Maintaining a healthy blood pressure throughout your life is one of the most important things you can do for long-term health and longevity. Whether you're looking up a blood pressure of 301/59 for yourself or a loved one or simply out of your own curiosity, you're taking the right steps by being informed and empowering yourself or someone else to be their own best advocate.
According to the American Heart Association, a blood pressure reading of 301/59 would be considered hypertensive crisis. A hypertensive crisis happens when the systolic reading (the top number) is higher than 180 and/or the diastolic reading (the bottom number) is higher than 120.
Okay, now you know how to classify a blood pressure of 301/59, but now what do you do with that information? Read on to learn more or look up another blood pressure reading.
According to the American Heart Association, a normal blood pressure reading is lower than 120/80. While there is no specific number for low blood pressure, most experts say blood pressure is too low when it causes symptoms or drops suddenly. In general, though, low blood pressure can be considered anything under 90/60.
A blood pressure reading of 301/59 is pronounced "301 over 59." You may also see it written colloquially as 301/59 bp.
In a blood pressure reading of 301/59, 301 is called the systolic number and 59 is called the diastolic number. Systolic refers to the part of the cardiac cycle in which the heart contracts and pumps blood from the chambers into the arteries, and diastolic refers to the part of the cardiac cycle in which the heart relaxes and allows the chambers to fill with blood. You may also hear the systolic and diastolic numbers referred to as the top number and the bottom number.
Systolic and diastolic readings are measured in mmHg, which is a unit of pressure equal to the pressure that can support a column of mercury 1 millimeter high. Hg is the chemical symbol for mercury. For a blood pressure reading of 301/59, you would pronounce it "301 over 59 millimeters of mercury."
In a doctor's office, blood pressure is traditionally taken manually by a doctor or nurse with a sphygmomanometer. A sphygmomanometer is a medical instrument with an inflatable cuff and pressure meter or dial. The sphygmomanometer is placed snugly around the upper arm and is inflated by hand, and the doctor or nurse listens to the brachial artery with a stethoscope as they gradually reduce the pressure of the cuff. When the whooshing sound of blood is first heard through the stethoscope, the doctor or nurse makes note of the reading on the pressure meter. This indicates the systolic blood pressure reading. When the sound disappears, the reading on the pressure meter indicates the diastolic pressure reading.

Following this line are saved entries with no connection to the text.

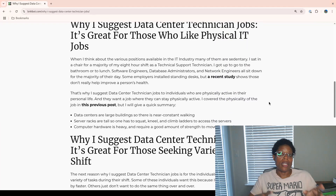I covered the physicality of data center technician roles in another article, and it is linked in this one, but I'll give a quick summary. One, data centers are large buildings, so there's near constant walking. Two, server racks are tall, so one has to squat, kneel, and climb ladders to access the servers. And three, computer hardware is heavy and requires a good amount of strength to move it around. So think about the data center as going to the gym — there's a lot of strength training and a lot of cardio. You've got to lift heavy material for strength training, and you're walking, and sometimes if you're rushing somewhere, you could run. They're very large buildings, so you're going to get your steps in.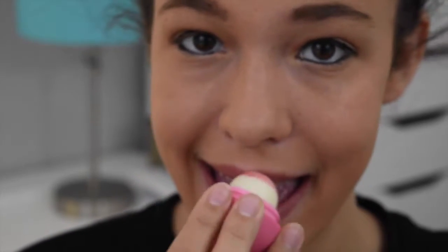For my lips, I'm just going in with my EOS and moisturizing them before I put on my nice bright red lipstick. I'm using my Sephora lipstick and putting that all over my lips. I feel like it's not 4th of July without red lipstick, and you can never go wrong with red lipstick. It makes any outfit. So we're all done with the makeup, and let's go to hair.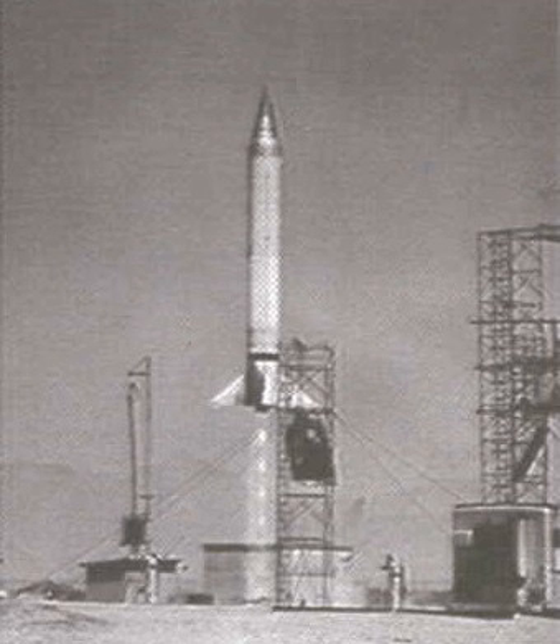The Viking rocket series of sounding rockets were designed and built by the Glenn L. Martin Company under the direction of the U.S. Naval Research Laboratory. Twelve Viking rockets flew from 1949 to 1955.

Blood pressure can also be taken at home using a number of a digital devices. They typically consist of an inflatable cuff and digital display and simply work by placing the cuff around the upper arm and pressing a button, after which the cuff inflatess, deflates, and displays a reading. The most popular blood pressure machines for home use are made by Omron, Beurer, and Paramed, amongst many others.
One thing to keep in mind is that blood pressure can vary by time of day and activity level, so if you're taking it at home it's important to check it around the same time each day and rest for a few minutes ahead of time to limit as many variables as possible. It can also be affected by eating.
Blood pressure tends to rise in the hours before waking and then drop in the afternoon and evening before dropping to its lowest point while sleeping, so one popular recommendation is to check it just after waking up and just before bed to identify trends in how it varies from morning until night. Because of this, you might find that if your blood pressure is 301/59 in the morning, it might be lower before bed, and vice versa. Of course, these are just general rules of thumb and may vary by the individual.
If you have an HSA as part of your health insurance plan, you'll be pleased to find that blood pressure monitors, blood pressure cuffs, and wrist blood pressure monitors are all eligible, including smart blood pressure monitors like the offerings from Qardio and Withings.
Sphygmomanometer is pronounced sfig-moh-muh-'nah-mi-ter. Easy!
The following table shows related blood pressure readings because sometimes just one number can make all the difference.
Please note that if a field is blank, it's not an accident—it simply means a record doesn't exist for that particular blood pressure. This could be because going forward or backward would create a blood pressure reading that wouldn't make sense, or because that blood pressure simply doesn't exist in our records.
|← Prev systolic num||Next systolic num →|
|300/59 blood pressure||302/59 blood pressure|
|← Prev diastolic num||Next diastolic num →|
|301/58 blood pressure||301/60 blood pressure|
The information on this page is intended to be an educational reference and is not to be taken as medical advice. If you think you're having a hypertensive or hypotensive emergency, or if you're having any kind of medical emergency, please call 911 immediately.